OPEC raises oil-demand forecast on outlook for cheaper crude

Published by rudy Date posted on November 8, 2016

by Sam Wilkin @MrSamWilkin, November 8, 2016

OPEC raised its forecast for global oil demand next year and through the end of the decade, anticipating that cheaper crude will spur consumption even as economic growth slows.

Demand will reach 95.3 million barrels a day in 2017, according to the producer group’s annual World Oil Outlook report released Tuesday. That’s an increase of 300,000 barrels a day from last year’s forecast. The Organization of Petroleum Exporting Countries also raised its outlook for oil use in 2018, 2019 and 2020, when it sees demand reaching 98.3 million barrels a day, or 900,000 more than the group projected in its previous annual outlook.

OPEC cut its estimates for crude prices by $20 a barrel for each year from 2016 to 2020, compared with its previous outlook.

The group assumes crude will average $40 a barrel in 2016, and it raised its projected price by $5 a barrel in each of the following years through 2020. Brent has averaged about $44 a barrel so far this year.
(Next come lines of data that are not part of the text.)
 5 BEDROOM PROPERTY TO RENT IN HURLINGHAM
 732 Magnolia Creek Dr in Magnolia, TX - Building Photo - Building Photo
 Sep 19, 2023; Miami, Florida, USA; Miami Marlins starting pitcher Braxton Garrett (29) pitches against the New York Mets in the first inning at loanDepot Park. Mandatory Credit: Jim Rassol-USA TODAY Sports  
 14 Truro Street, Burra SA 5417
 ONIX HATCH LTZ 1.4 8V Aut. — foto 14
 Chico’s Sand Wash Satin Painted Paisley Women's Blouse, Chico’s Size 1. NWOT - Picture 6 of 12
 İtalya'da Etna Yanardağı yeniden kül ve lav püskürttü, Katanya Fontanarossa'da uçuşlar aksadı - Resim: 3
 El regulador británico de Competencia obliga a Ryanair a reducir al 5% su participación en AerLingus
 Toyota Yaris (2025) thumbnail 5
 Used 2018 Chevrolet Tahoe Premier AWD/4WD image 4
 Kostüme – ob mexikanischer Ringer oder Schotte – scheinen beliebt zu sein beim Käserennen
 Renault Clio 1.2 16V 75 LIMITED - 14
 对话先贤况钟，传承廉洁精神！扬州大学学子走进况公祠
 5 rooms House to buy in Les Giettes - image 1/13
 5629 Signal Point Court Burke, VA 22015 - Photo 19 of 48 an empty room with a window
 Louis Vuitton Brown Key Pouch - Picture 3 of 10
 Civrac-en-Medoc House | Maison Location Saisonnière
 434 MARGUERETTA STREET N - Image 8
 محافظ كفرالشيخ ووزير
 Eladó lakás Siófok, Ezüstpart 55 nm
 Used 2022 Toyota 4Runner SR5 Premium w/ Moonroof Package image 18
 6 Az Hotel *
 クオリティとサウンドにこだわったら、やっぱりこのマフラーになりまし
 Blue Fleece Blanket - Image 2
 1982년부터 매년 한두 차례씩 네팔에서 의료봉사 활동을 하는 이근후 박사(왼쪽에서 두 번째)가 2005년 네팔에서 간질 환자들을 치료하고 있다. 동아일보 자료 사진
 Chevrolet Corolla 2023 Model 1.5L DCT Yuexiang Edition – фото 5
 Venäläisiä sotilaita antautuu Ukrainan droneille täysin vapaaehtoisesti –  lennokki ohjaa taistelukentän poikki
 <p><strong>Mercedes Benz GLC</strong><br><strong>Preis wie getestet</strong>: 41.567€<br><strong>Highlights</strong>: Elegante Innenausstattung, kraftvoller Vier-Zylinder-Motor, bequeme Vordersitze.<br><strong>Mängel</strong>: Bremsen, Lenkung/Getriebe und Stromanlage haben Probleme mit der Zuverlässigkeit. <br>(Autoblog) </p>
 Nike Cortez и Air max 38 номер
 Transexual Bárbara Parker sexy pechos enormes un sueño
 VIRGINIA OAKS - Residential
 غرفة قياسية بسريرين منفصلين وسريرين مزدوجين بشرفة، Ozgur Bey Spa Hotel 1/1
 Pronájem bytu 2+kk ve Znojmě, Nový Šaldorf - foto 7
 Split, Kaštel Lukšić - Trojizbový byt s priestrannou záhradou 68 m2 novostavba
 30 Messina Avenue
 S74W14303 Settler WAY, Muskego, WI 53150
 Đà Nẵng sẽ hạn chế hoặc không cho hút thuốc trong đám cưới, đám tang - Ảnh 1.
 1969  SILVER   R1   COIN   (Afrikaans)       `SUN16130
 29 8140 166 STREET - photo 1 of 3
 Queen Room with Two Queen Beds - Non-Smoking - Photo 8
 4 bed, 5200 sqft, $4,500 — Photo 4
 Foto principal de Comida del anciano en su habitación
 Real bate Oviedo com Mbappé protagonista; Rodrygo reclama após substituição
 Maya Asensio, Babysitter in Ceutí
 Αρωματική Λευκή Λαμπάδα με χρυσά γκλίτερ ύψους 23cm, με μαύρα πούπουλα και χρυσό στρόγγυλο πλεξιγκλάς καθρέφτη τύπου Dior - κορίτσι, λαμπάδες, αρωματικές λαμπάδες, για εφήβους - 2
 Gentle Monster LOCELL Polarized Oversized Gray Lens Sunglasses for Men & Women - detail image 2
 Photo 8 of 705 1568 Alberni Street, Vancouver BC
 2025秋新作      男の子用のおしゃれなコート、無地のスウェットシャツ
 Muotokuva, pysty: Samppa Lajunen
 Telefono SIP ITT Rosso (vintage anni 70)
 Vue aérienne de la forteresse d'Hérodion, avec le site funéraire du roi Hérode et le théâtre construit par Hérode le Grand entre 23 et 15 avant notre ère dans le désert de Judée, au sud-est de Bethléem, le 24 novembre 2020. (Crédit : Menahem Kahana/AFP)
OPEC’s upward revision for demand “is the result of a lower medium-term oil price assumption, which is expected to have a stronger influence than assumptions of lower medium-term economic growth and expanded energy efficiency policies,” the report’s researchers said. Global economic growth will be 3.4 percent a year for 2015 to 2021, compared with an annual 3.6 percent that OPEC forecast last year for 2014 to 2020, due to slowdowns in China and Latin America, it said.

The group’s 14 members are in talks with each other, and with non-member producers including Russia, to complete an initial agreement OPEC reached in September to limit its collective crude output in an effort to support prices. Benchmark Brent crude tumbled from more than $115 a barrel in June 2014 amid a supply glut and ended last week trading 8.3 percent lower at $45.58.

Exploration for new crude deposits has declined with prices, prompting concern that producers may not be able to meet future demand.

Future Shortage

Royal Dutch Shell Plc, the world’s second-biggest energy company by market value, predicts demand for oil could peak in as little as five years. “We’ve long been of the opinion that demand will peak before supply,” Shell Chief Financial Officer Simon Henry said on a conference call on Nov. 1.

“While the recent oil market environment has been one of oversupply, it is vital that the industry ensures that a lack of investments today does not lead to a shortage of supply in the future,” OPEC Secretary-General Mohammed Barkindo wrote in a foreword to the report.

Demand for oil in the rich nations of the Organization for Economic Cooperation and Development will begin to fall after 2017, due partly to an increase in supplies of natural gas and nuclear and renewable energy, OPEC said. Oil consumption in developing nations will continue to rise, however, driving overall demand growth until at least 2040, it said.

Demand in India will grow to 5.4 million barrels a day by 2021, a 32 percent increase from 2015, OPEC said, raising its forecast from last year by 470,000 barrels a day due to the Asian nation’s improving economy. The group reduced its growth forecasts for oil demand in Latin America and China.

Road transportation will account for 6.2 million barrels a day of new demand arising between 2015 and 2040, or more than a third of the total increase for that period, according to OPEC. The number of vehicles on the roads will double over those same 25 years to more than 2.5 billion, with developing nations accounting for most of the increase.

While the number of cars will also increase in OECD countries, related oil demand will drop by 30 percent as a result of of improved fuel economy and the growing use of electric and hybrid vehicles, OPEC said.